Big data, and now Groupon Big Data, seems to be all the rage. Nearly every business can be better, if it focuses on what secondary market a primary product or service generates by the collection of data. More important is that data is the fundamental service that keeps on changing over time. Data-created value drives subscription-based customer engagement and annuity revenue that every business should want.
Groupon Big Data used a smartphone app for the original daily deal and coupon redemption concept. But that’s hard to grow, and even harder to guard against competitor encroachment – hence Groupon Big Data became the play. How does this affect your strategy? Is there a pivot in your immediate future?
Groupon Big Data Play Is Evolving Right Now
Last week’s articles in Businessweek on its CEO, Business Insider on Groupon’s strategy pivot, and today’s Crain’s article on merchant services for small business, show Groupon’s shift. Moreover, to make it public, Andrew Mason and Jeff Holden are well on the path to Big Data as a secondary play.

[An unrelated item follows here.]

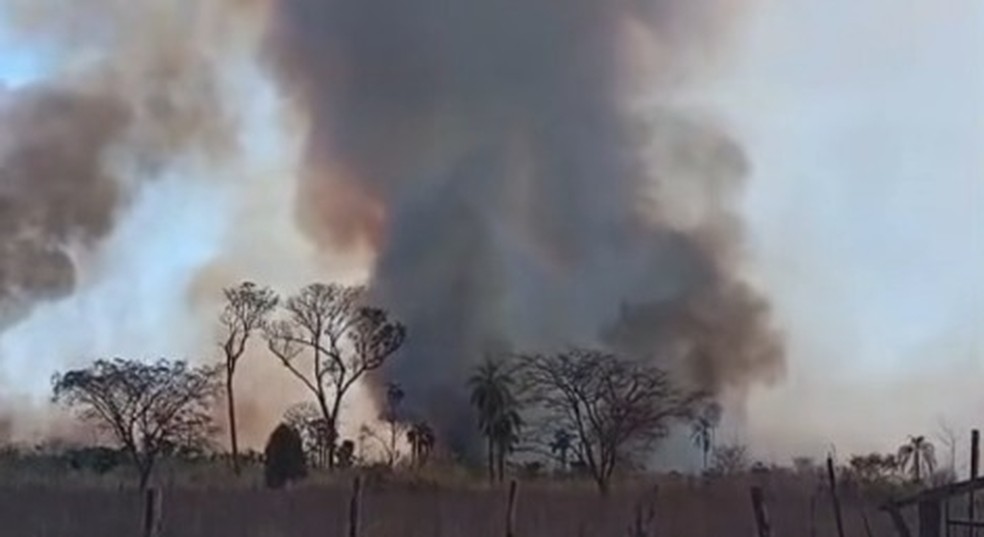 Incêndio no bairro Ribeirão Verde — Foto: Reprodução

The Crain’s writer calls it “repositioning as a friend to merchants” but we know that it took consumers (and their smartphones) to generate Big Data. Groupon initially filled a gap for daily deals and real-time digital coupons as a valuable service to both consumers and merchants. The problem, as soon as the coupon passed hands, the transaction was over.
Digital coupons open the opportunity to collect interesting information, and begin to analyze consumer supply and demand trends on a per month, week, day, and even hour basis. Read more about this bigger strategy in my earlier blog on Groupon’s commerce platform.
Evolve to the Data Play
Unless you are replacing retail altogether, like Amazon, many startup businesses evolve to a mature micro product or service, then decline due to lack of disruptive innovation that takes a higher level look at the business. So many startups get lost on incremental innovation after the initial product.
The great thing about data as a service is that if you have developed a data-producing product, you can leverage your growth around data as an ever increasing asset, both in size and value to your secondary customer base.
The faster businesses can recognize the opportunity shift, and make the strategy pivot, the better. Even if not executed immediately, the mindset and organizational understanding of where your company is going sets the tone. Pervasive understanding of the eventual source of future growth across the organization is critical. This ensure your people don’t get lost on the initial product concept, as it loses ground in terms of design, user experience and capability, to other innovators that see the bigger picture better than you.
Lessons to Ponder
Like Groupon, forget the noise that analysts and press raise on day to day issues, focus on long-term objectives. The small and trivial stuff cannot retain the attention of the press long.
I am excited to see the shift that Groupon has made public. A few months ago, I wrote in this concept in my blog: “Groupon Customer & Merchant Data Platform [could] Radically Reinvent Commerce.” Groupon saw a gap and found a way to gain traction by selling daily deals, and creating a marketplace for the coupon transaction between merchants and consumers.
I’ve mentored startups with great ideas for an initial product, but in iterating on strategy a new understanding becomes evident. The economics of selling a 1.99 iPhone app has real challenges that don’t look as attractive as a Big Data play produced by the app.